Our Goldendoodle puppies end up as beloved pets, classroom helpers, and companion dogs.  We recently received this letter and photos about one of our precious puppies who is studying to be a therapy dog.

Just wanted to give you an update on our favorite doodle Murphy (formally known as Blu)! We got him from you guys back in August of 2014 and was born that May so he’s just over 3 years old now. I work at a physical therapy clinic where he comes to comfort many of our patients. He’ll soon be registered as a therapy dog since he does so well. He is so sweet and special to our family, I can never thank you enough for giving us this amazing pet.

Therapy dogs are dogs trained to give comfort. They can work at hospitals, disaster sites, assisted living facilities — or physical therapy clinics!

Goldendoodles make good therapy dogs because they’re intelligent, good natured, loving dogs.

Not only is this what you want in a therapy dog, these are also characteristics that make great family dogs. Here at Platinum Goldies, we make sure that all our puppies are socialized with people of different ages, including children, so they’re comfortable with people.

Goldendoodles also like other animals, as you can see in the picture above of Murphy hiking with another dog.
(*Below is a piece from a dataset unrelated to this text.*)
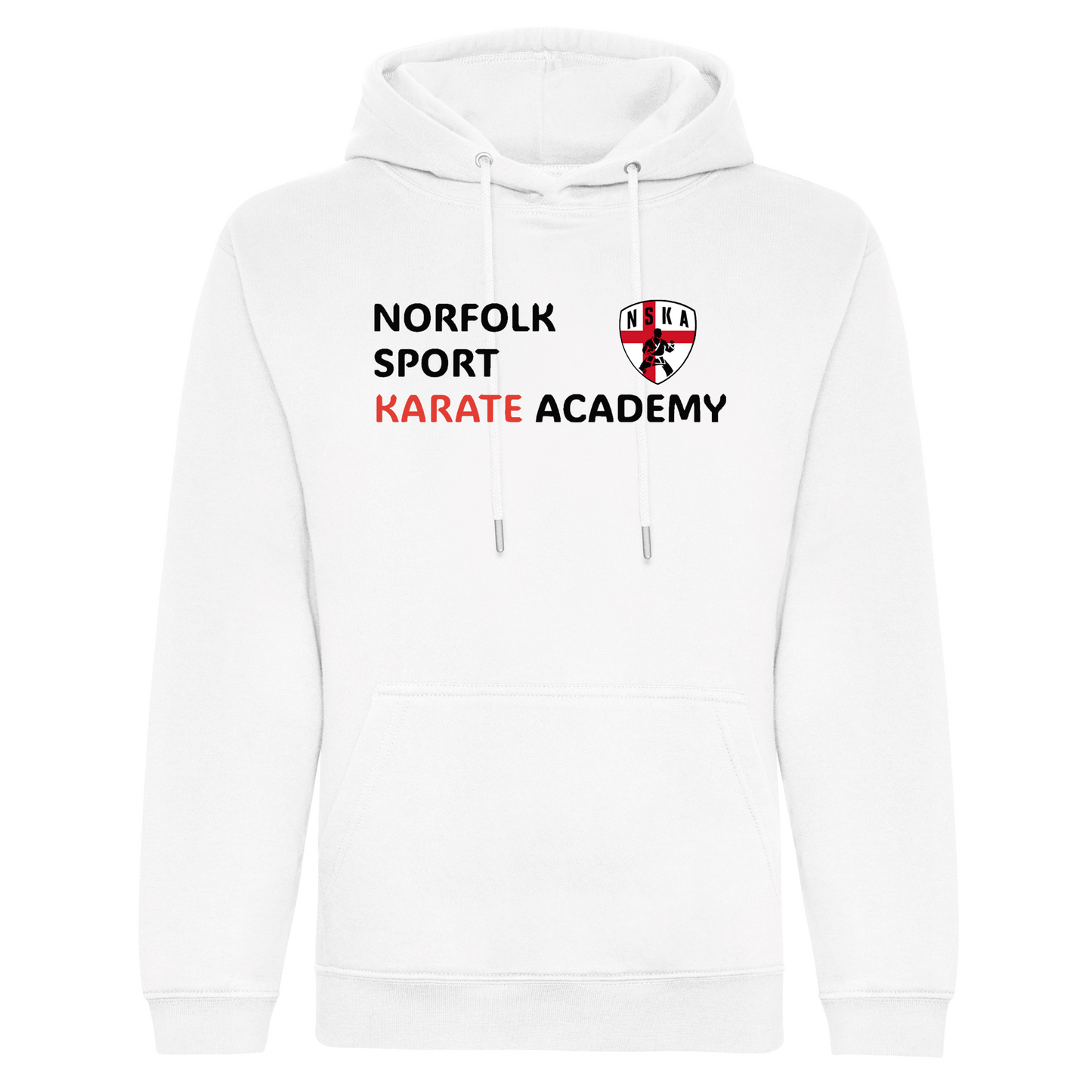 Norfolk Sport Leisure - Kumite Pullover Hoodie (All Sizes & All Colours)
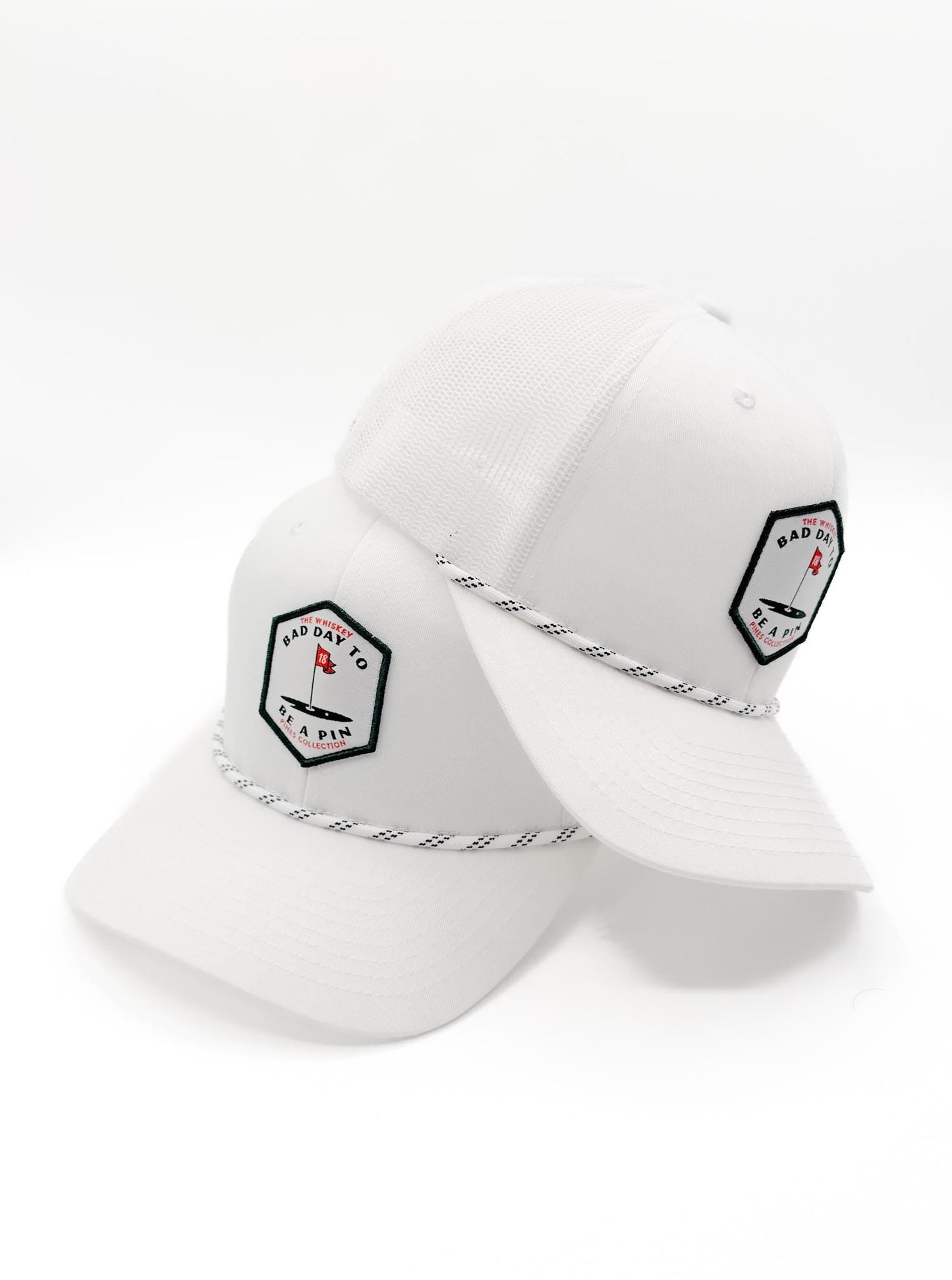 Bad Day to Be A Pin Rope Trucker Hat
Again, we at Platinum Goldies make sure that our puppies are socialized with other animals.

Some breeds take better to this kind of socialization, though, and Goldendoodles as a breed are naturally friendly and accepting.

Goldendoodles are a designer dog breed created from the combination of poodles and golden retrievers. Poodles are often chosen as therapy dogs for their intelligence and because they’re hypoallergenic — less likely to cause allergic reactions.

Golden retrievers make good therapy dogs because of their calm, friendly personalities. Goldendoodles bring the best of both breeds.

Therapy dogs don’t usually do practical tasks for people, so they’re not usually considered service dogs. However, they have been used with autistic children as well as in health care settings.